チェロの教室に、ある日新しく女の子が入ってくる。
ぼくより難しい曲を弾くけど、なんだか怒ってるみたいだ。
帰りがけ、その子がぼくに声をかける。「あんたのチェロの音って、犬の声みたいだね」
公園で二人、一緒にチェロを弾いたり、遊んだり。
ある日、たくさんのチェロを抱えた人たちが同じ方向に向かって歩くのに出会う。
ついて行ってみると、神戸の大震災で被害に遭った人たちを応援するコンサートなんだそうだ。
そう、参加者のおじいさんが教えてくれた。
その女の子はすぐに申し込みをする。
ぼくも遅れて申し込む。
そしてみんなで一緒に弾き始める。
おじいさんも神戸で震災に遭った。今持っているチェロは震災で亡くなった友人の形見だ。
女の子の出身も神戸。
ぼくのチェロは、だんだん犬のなきごえじゃなくなってきた。
女の子のチェロも、少し丸みがでてきたようだ。
ぼくは支援コンサートに向けてチェロを弾く。ぼくの音が何かの応援になるんだろうか、と思いながらも毎日弾く。何に向かってこんなに練習しているのかわからないけど、弾く。
女の子やおじいさんが、何を思いながら弾いているんだろう、とも考える。
そして、コンサート当日。1000人のチェリストが集まった。
それを見守る何千、何万の目と耳。
チェロを弾く女の子のまわりには鳥が舞う(震災のあと、その子は飼っていた鳥をにがしていた)。
おじいさんは夕焼けに目を細めるように、静かに微笑みながら弾いている。
ぼくは犬を抱くように演奏する。
1000のチェロは1000の物語を語るが、それが一つの曲になっている。
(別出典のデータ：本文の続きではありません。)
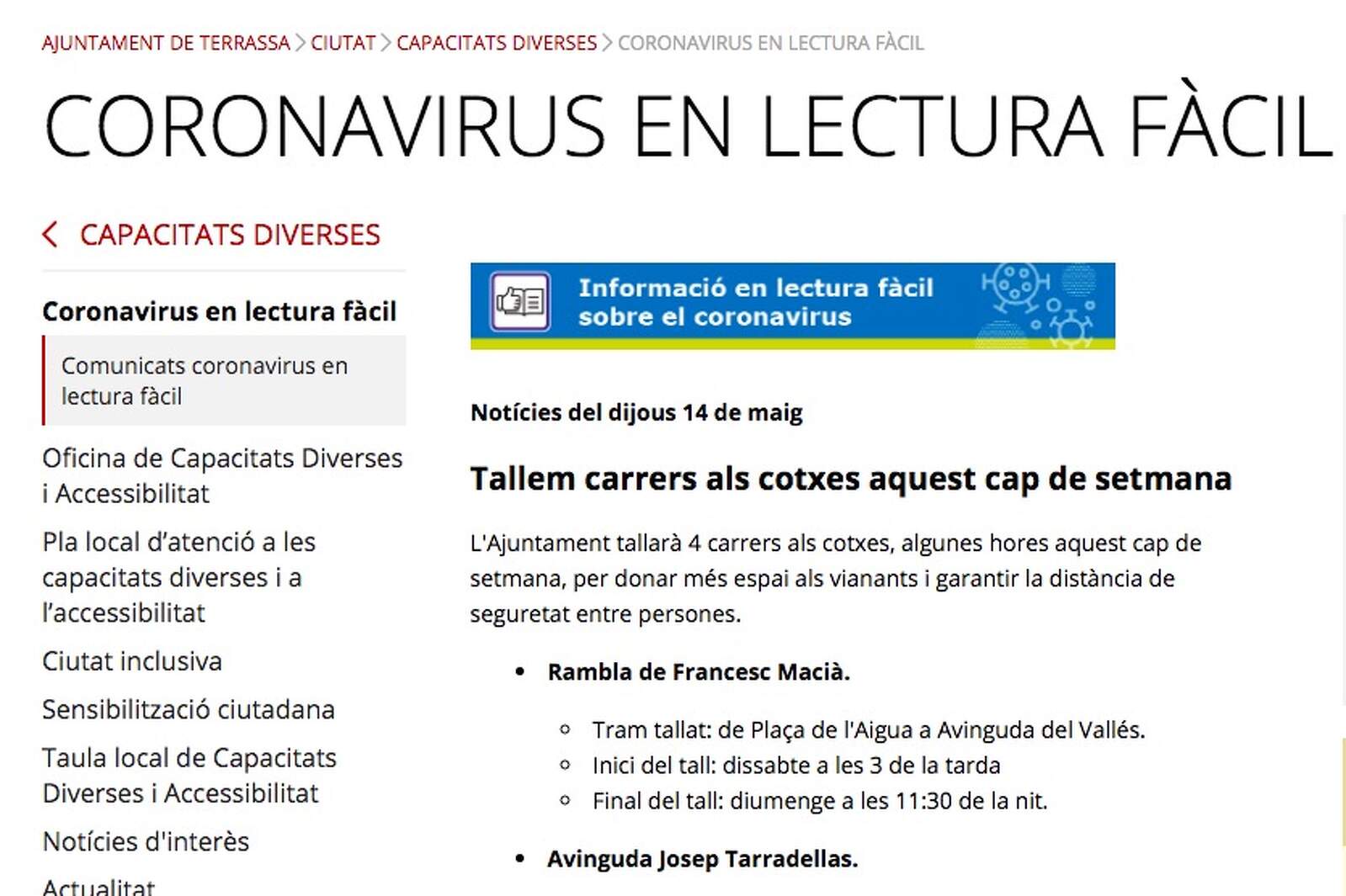 Web coronavirus amb lectura fàcil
一つの心になったんだ、と感じる。
自然と涙が流れる絵本だ。
ニックネーム:
Aoki
投稿日:2011/06/10
作者のあとがきのなかに 「ひ…
作者のあとがきのなかに
「ひとりひとりの物語がちがっても きもちを重ねあわせれば 歌はひとつになって 風にのる。そして きっとだれかにとどく」 とある。
阪神淡路大震災の復興支援のコンサートの様子を絵本化したものだが、東日本大震災から数ヶ月の昨今にも同じく語り、響く。
何処から、何から手を付けてよいのかわからない現実に立ち竦むのだが、ひとりひとりの小さく微かな希望でも、重なり合わされた時に大きなひとつとなって届くのだと励ましてくれる一冊。
ニックネーム:
hi2515
投稿日:2011/02/26
とにかく絵が美しい!!!…
とにかく絵が美しい!!!
風景や人をこんなタッチで描けるとは(感嘆。。。)
今、NZの地震でまだ救出されない多くの人々を想いながら、阪神大震災で大きな痛手を受けた人々に届けたチェロのコンサートがとても素敵に感じます。
きっと私達にも何か出来る事がある。出来る事の小さな目を自分自身で勝手に摘み取らないよう日々生きて行きたい。